CausalExplain - A library to infer causal-effect relationships from tabular data

'CausalExplain' is a library that implements methods to extract the causal graph, from tabular data, specifically the ReX method, and other compared methods like GES, PC, FCI, LiNGAM, CAM, and NOTEARS. At present, the public, supported path is centered on ReX and the more complete comparison methods; the PC and CAM implementations remain in the repository for research/reference purposes but are not supported as production-ready public APIs.

This repository contains the implementation of ReX and all necessary tools to reproduce the results presented in our accompanying paper. ReX supports diverse data generation processes, including non-linear and additive noise models, and has demonstrated robust performance on synthetic and real-world datasets.

About ReX

ReX is a causal discovery method that leverages machine learning (ML) models coupled with explainability techniques, specifically Shapley values, to identify and interpret significant causal relationships among variables. Comparative evaluations on synthetic datasets comprising tabular data reveal that ReX outperforms state-of-the-art causal discovery methods across diverse data generation processes, including non-linear and additive noise models. Moreover, ReX was tested on the Sachs single-cell protein-signaling dataset, achieving a precision of 0.952 and recovering key causal relationships with no incorrect edges. Taking together, these results showcase ReX's effectiveness in accurately recovering true causal structures while minimizing false positive predictions, its robustness across diverse datasets, and its applicability to real-world problems.

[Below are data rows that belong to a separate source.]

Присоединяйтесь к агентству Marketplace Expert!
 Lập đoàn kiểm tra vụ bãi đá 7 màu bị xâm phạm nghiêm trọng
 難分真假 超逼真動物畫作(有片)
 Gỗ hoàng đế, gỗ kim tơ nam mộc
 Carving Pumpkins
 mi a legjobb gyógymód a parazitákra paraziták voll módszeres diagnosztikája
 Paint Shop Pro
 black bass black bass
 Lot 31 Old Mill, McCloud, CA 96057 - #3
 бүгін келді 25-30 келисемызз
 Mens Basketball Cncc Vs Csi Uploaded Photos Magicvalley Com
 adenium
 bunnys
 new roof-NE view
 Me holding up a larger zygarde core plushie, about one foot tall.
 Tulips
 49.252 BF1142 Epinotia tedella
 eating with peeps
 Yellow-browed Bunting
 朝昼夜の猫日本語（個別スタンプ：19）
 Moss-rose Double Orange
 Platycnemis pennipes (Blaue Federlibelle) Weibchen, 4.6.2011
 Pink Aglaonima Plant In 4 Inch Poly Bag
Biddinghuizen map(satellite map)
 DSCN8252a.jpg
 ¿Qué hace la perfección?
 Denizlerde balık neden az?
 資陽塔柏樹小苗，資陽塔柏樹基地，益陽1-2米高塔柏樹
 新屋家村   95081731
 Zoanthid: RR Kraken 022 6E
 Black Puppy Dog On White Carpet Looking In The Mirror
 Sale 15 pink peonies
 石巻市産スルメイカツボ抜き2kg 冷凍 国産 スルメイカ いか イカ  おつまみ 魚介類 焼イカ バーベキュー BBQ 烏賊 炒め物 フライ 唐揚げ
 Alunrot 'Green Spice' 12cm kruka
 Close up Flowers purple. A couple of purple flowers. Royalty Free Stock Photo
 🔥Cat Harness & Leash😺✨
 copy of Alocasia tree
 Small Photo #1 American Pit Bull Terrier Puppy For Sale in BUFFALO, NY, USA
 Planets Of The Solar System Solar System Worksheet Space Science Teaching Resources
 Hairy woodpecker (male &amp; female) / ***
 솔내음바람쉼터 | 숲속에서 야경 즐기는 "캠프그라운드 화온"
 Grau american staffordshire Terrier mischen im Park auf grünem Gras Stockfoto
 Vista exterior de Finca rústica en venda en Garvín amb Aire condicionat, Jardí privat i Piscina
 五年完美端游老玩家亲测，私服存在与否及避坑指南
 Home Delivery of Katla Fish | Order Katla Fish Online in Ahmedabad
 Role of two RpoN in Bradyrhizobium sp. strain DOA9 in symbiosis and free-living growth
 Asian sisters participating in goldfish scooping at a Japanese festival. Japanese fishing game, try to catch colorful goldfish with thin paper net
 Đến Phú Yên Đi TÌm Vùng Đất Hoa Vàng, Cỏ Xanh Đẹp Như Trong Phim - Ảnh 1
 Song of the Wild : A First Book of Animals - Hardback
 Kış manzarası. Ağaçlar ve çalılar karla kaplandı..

By combining ML and explainability techniques with causal discovery, ReX bridges the gap between predictive modeling and causal inference, offering an effective tool for understanding complex causal structures.

ReX Schema

Our experimental results, conducted on five families of synthetic datasets with varying complexity, demonstrate that REX consistently recovers true causal relationships with high precision while minimizing false positives and orientation errors, comparing favorably to existing methods. Additionally, REX was tested on the Sachs single-cell protein-signaling dataset (Sachs et al., 2005), achieving a competitive performance with no false positives and recovering important causal relationships. This further validates the applicability of REX to real-world datasets, highlighting its robustness across different types of data.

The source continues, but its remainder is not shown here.